The Impacts of Numerical Schemes on Asymmetric Hurricane Intensification

Steve Guimond
Noon in 2155

The fundamental pathways for tropical cyclone (TC) intensification are explored by considering axisymmetric and asymmetric impulsive thermal perturbations to balanced, TC;like vortices using the dynamic cores of three different nonlinear numerical models.  Attempts at reproducing the results of previous work, which used the atmospheric science community model WRF (Nolan and Grasso 2003; NG03), revealed a discrepancy with the impacts of purely asymmetric thermal forcing.  The current study finds that thermal asymmetries can have an important, largely positive role on the vortex intensification whereas NG03 and other studies find that asymmetric impacts are negligible.

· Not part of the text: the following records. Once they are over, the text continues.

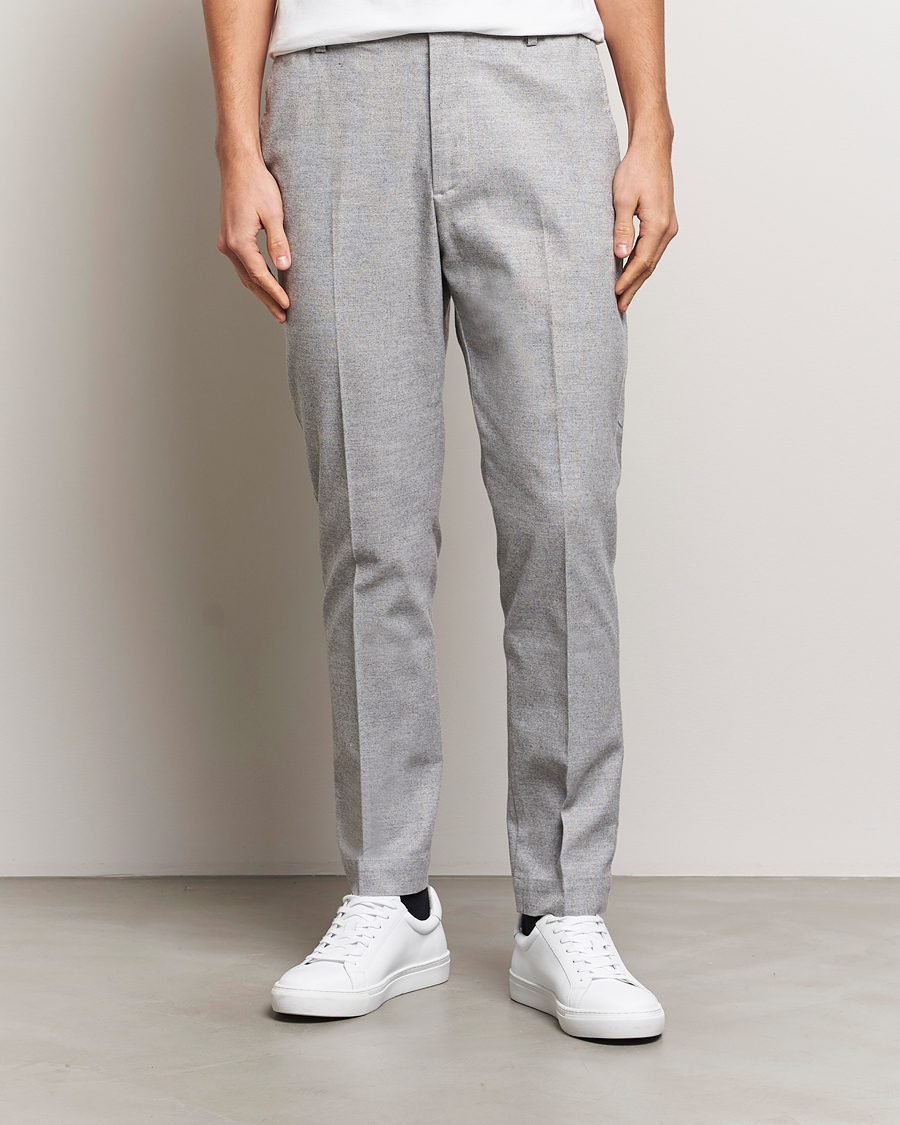 Herr | Byxor | NN07 | Billie Brushed Drawstring Trousers Light Grey Melange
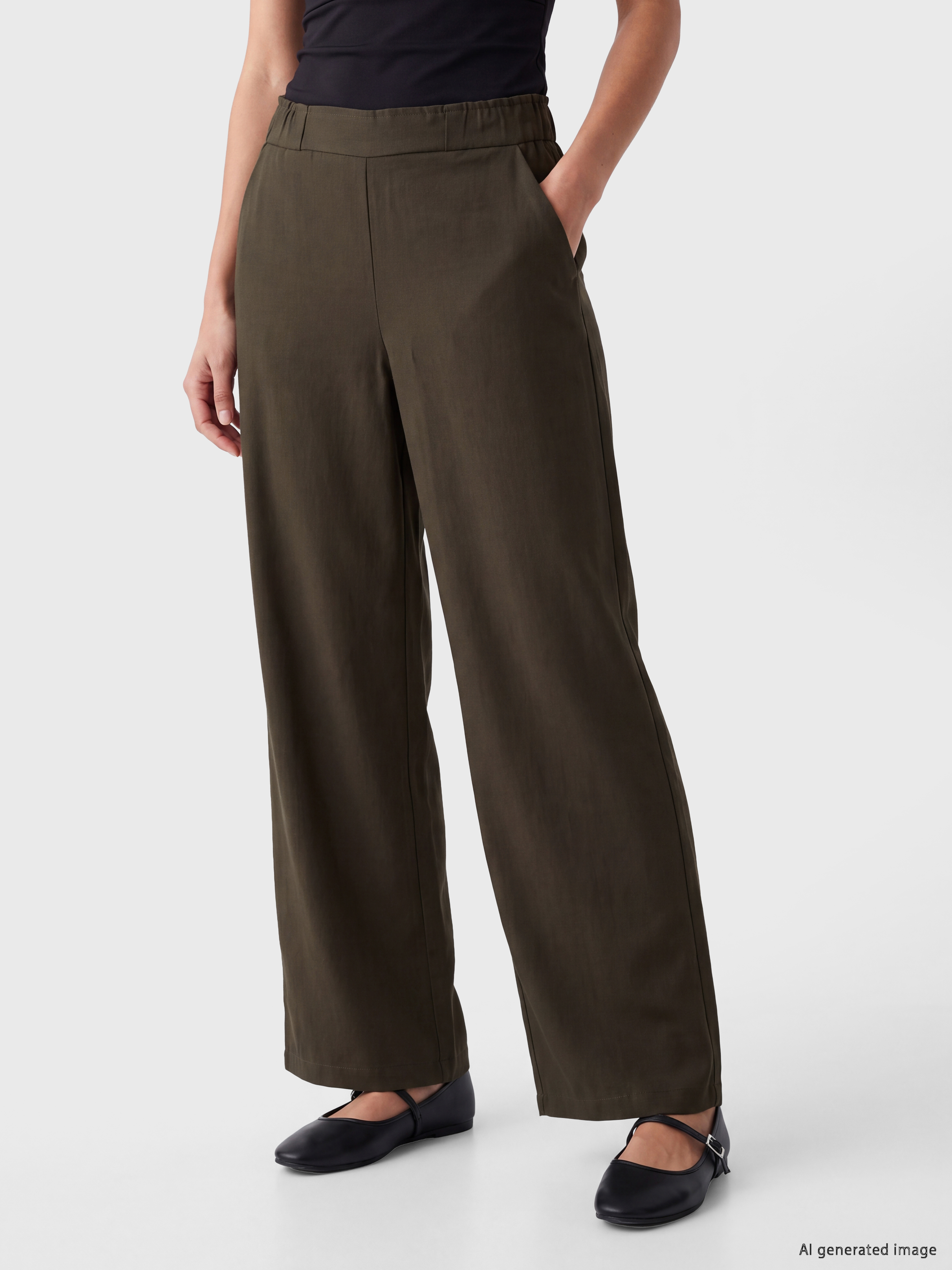 LCWAIKIKI Classic Beli Lastikli Geniş Paça Kadın Pantolon görsel 2
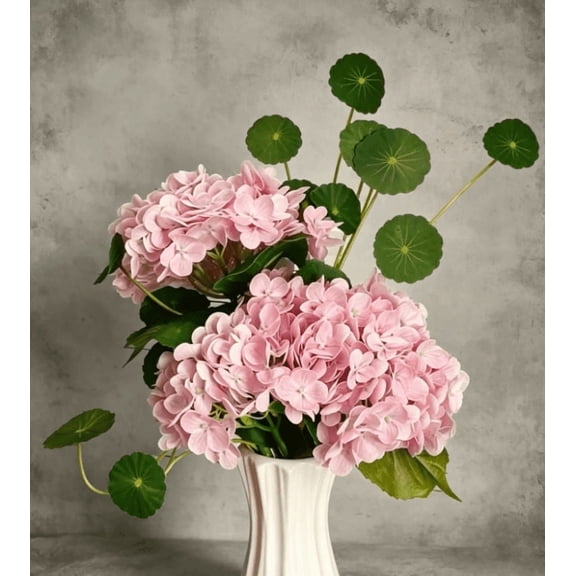 HomWamee Pink Artificial Hydrangea, 3pcs Real Touch Blooms with 2 Penny Leaves for Vase Wedding Home Decor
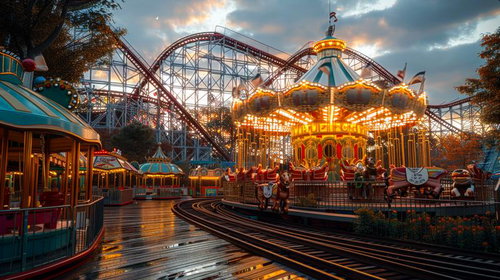 夕暮れにライトアップしたジェットコースターと古びた遊園地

Analysis of the spectral energetics of each numerical model indicates that the vortex response to asymmetric thermal perturbations is significantly damped in WRF relative to the other models.  Spectral kinetic energy budgets show that this anomalous damping is primarily due to the increased removal of kinetic energy from the vertical divergence of the vertical pressure flux, which is related to the flux of inertia-gravity wave energy.  The increased kinetic energy in the other two models is shown to originate around the scales of the heating and propagate upscale with time from nonlinear effects.

The results of this research indicate that the numerical treatment of small-scale processes that project strongly onto inertia-gravity wave energy can lead to significant differences in asymmetric TC intensification.  Sensitivity tests with different time integration schemes suggest that diffusion entering into the implicit solution procedure may be responsible for the anomalous damping of energy.  Extensions of this work to analyze the effects of various physical parameterizations will be discussed.